ALL Your Friends Can’t Stand Him
We all have encountered petty friends who aren’t happy about our situation. I’m not talking about them. If your trusted core of friends and family are all giving your relationship the side eye, you may want to take note. If you have friends who have known you for years who are like nah, ask them why. There may be some validity to it. When I called off my wedding many of my friends were like, “We are so relieved. We didn’t think it was the right match.” When I started dating my fiancé, those same friends and family were like, “Yes. This works. We get it. We love him.” Some may disagree, but they’re your friends for a reason and may see something love isn’t allowing you to.
If the Thought of Picking Up Their Dirty Drawers for the Next 20 Years Irks You
Relationships, marriage included, take lots of work. Some things will change. Other things you learn to accept. You pick your battles. If you begin to find you are nitpicking over every little thing from how they lick their lips to wash the dishes, there may be a larger issue here. You may be finding things wrong so you have a reason to not go through with it. Instead of picking a trivial reason for why you don’t want to get married, put on your big girl pants and say no.
They’re call red flags for a reason. We always claim to see them in hindsight, but if we’re honest we notice most of them beforehand.

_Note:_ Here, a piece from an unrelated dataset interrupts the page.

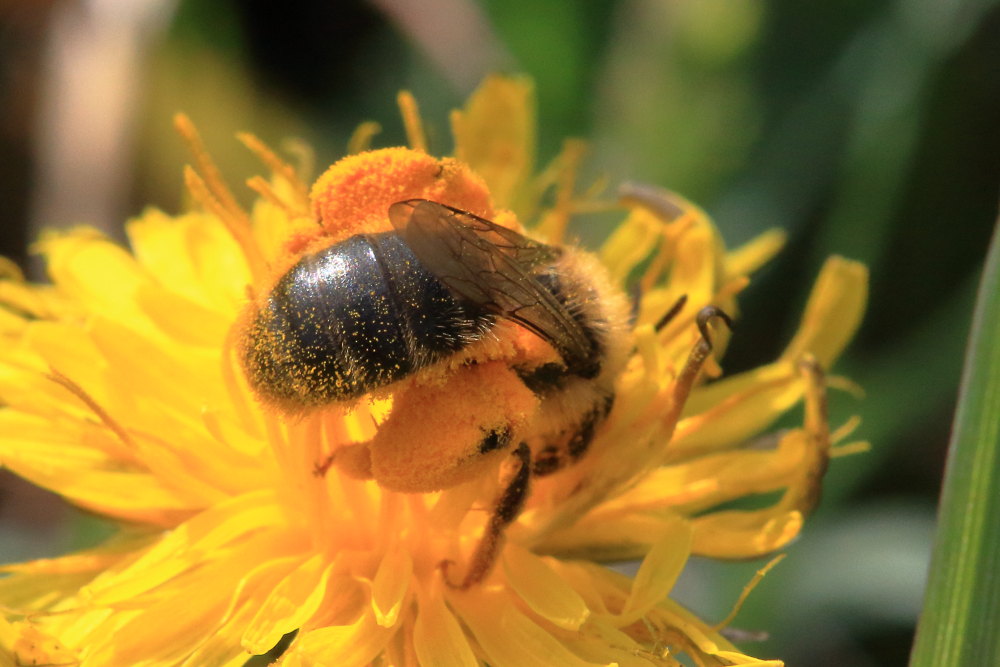 Apidae Andreninae:  cfr. Andrena sp.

We only choose to acknowledge them when the pressure becomes too much and we can no longer take it. If you’re feeling any of this, it may be worthwhile to put a pause on the wedding. This doesn’t mean calling off the relationship. It is much easier to halt, fix and rectify what’s needed on this side of the fence than to do so once married. The most important thing is to talk to your partner about your concerns. You may find they agree with you. Regardless, it is your life and you have a right to be happy. However you choose to define that.